The duo’s last idea—short of asking every single Outfronter for leads, which neither of them had the time or patience for—was to simply ask all the innkeepers. It would still be the labor of a few hours…
When they emerged from the car at the top of Outfront’s highest point, it was with a whole lot more exhaustion than they’d expected from standing so inert. Bayce was massaging her temples and Reed was pretty sure she didn’t even have a brain to suffer the throbbing of. She, however, did, and pressed her forehead with her knuckles.
It felt like a shame to waste the view. Nobody else would. People of all ages streamed past them from the lift car. The duo heard the casual talk and occasional “ooh!” of elves, gnomes, trolls, and brownies, caught the giggles of children, and even flinched at the bass note of a big cart holding a single human baby. Most everyone flocked to the railings, drinking in the sky.
Reed and Bayce leaned against the railing too, to regroup. They’d thought they were far enough to the side to escape the crowd, but they weren’t alone.
A gremlin was watching the clouds. Her long, tangled tresses were grubby and loaded with twigs, and forked when they hit a stubby manx tail. Her flesh was rough—gremlins looked callused at any age. When she turned, enormous, piercing eyes glimmered back at Reed, startled, then curious, then remembering.
“Mreaow!”
“She’s wearing clothes!” Bayce cheered.
Reed ignored the quip—at least she wasn’t horrified by how unwashed the girl was. Without hesitation, Reed smiled and extended a hand to shake.
Bayce slapped her hand down. Reed pouted and brought it back up again. Bayce almost slapped it again. “Reed, no. You’re not humoring me!”
The gremlin girl seemed lost, and the perpetual smile on her kitten-mouthed face didn’t help signal her emotions. She looked up and down from the hand to the commotion.
So Reed, very slowly, pressed her hand against the gremlin’s, and then…oh, phooey. Yeah, maybe she was being ridiculous. The gremlin remained watchful, hadn’t shrunk back. Reed gradually moved into a full embrace.
They stood like that for a few silent seconds. Soaring clouds and shivering leaves framed them, seemed to hold them still. They let go.
Reed said, “I’m so happy I’m seeing you again.”
“Meow,” said the gremlin.
“C-can you comprehend any of the languages of the Wood?” Reed pointed to her mouth.
“…Meow.”
Bayce burst into laughter behind her. Reed bit her lip. “Um, what about nodding for yes and shaking your head no?” She demonstrated, and thus began a long session of tutoring the girl on gestures for “yes” and “no.”

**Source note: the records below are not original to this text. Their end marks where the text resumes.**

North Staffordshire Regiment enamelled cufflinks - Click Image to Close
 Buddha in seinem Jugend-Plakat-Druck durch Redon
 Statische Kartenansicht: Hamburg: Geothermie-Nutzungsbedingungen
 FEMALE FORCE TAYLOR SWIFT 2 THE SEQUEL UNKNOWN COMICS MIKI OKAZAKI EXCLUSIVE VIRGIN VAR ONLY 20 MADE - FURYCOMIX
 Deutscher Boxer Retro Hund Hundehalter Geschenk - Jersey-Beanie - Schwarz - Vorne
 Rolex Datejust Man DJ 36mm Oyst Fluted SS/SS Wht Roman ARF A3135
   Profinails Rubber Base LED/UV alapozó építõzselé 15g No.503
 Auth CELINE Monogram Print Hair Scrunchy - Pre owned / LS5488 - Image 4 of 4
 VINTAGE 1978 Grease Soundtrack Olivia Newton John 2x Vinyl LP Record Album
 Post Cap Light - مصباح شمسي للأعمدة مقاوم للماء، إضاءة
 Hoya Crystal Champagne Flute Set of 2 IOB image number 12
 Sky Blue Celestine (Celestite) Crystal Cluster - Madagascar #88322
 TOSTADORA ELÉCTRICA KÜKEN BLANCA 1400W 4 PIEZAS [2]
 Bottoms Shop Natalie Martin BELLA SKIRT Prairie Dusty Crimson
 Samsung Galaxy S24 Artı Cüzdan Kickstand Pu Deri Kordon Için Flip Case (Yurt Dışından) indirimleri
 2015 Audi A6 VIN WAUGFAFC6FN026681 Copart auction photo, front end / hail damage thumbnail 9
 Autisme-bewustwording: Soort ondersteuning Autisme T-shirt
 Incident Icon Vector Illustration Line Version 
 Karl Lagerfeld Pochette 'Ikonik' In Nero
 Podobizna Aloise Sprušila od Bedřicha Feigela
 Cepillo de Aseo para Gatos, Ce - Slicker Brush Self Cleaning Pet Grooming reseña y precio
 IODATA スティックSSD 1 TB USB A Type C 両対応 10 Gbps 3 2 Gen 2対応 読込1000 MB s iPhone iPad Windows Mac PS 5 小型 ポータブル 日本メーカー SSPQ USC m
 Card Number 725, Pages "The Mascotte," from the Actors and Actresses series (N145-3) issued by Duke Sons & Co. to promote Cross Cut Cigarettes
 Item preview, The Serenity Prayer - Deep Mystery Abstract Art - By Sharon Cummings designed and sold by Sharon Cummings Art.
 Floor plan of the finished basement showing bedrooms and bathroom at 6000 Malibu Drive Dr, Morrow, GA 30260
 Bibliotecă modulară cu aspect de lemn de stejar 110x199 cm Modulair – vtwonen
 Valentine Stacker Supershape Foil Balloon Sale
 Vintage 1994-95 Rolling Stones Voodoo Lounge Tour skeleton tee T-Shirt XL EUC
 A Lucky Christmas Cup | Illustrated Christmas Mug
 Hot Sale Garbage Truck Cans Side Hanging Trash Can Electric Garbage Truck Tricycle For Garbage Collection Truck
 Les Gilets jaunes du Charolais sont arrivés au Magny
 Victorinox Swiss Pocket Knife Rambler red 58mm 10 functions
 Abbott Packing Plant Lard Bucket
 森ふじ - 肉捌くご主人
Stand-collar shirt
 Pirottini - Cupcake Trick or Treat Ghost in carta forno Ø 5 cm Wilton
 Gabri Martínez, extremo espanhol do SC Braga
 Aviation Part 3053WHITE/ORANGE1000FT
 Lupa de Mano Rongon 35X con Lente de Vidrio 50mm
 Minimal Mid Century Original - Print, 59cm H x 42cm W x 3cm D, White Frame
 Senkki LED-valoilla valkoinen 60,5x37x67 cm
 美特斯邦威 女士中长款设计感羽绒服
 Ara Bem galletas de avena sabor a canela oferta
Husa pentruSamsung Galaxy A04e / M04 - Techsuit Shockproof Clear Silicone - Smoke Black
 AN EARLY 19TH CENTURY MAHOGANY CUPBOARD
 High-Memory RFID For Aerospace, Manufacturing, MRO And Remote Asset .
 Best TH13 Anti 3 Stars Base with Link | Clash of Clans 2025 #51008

“Holy crap,” Bayce murmured. “How’s she even been getting by here?”
Turning to face her with the gremlin girl by her side, Reed said, “Well, we can see by the state of the clothes someone probably gave her that she hasn’t exactly been getting stellar treatment.”
(In actuality, Taipha had been given perfectly clean clothes. She just mucked them all up two hours ago by traipsing through the woods—without guilt or pity.)
“Also, Bayce, let’s not whisper or keep any secrets from her, please.” Reed narrowed her eyes a bit. “Living things can sense distrust.”
“Oh, I know that much.” Bayce winked and made a clicking noise with her mouth. She didn’t produce saliva, so it sounded kinda like chopsticks.
Together they descended into Outfront proper, taking a long lift ride all the way back down. It was enjoyable this time, now that they knew where the gremlin girl had been. And she, for her part, seemed blissfully eager to go wherever they were going.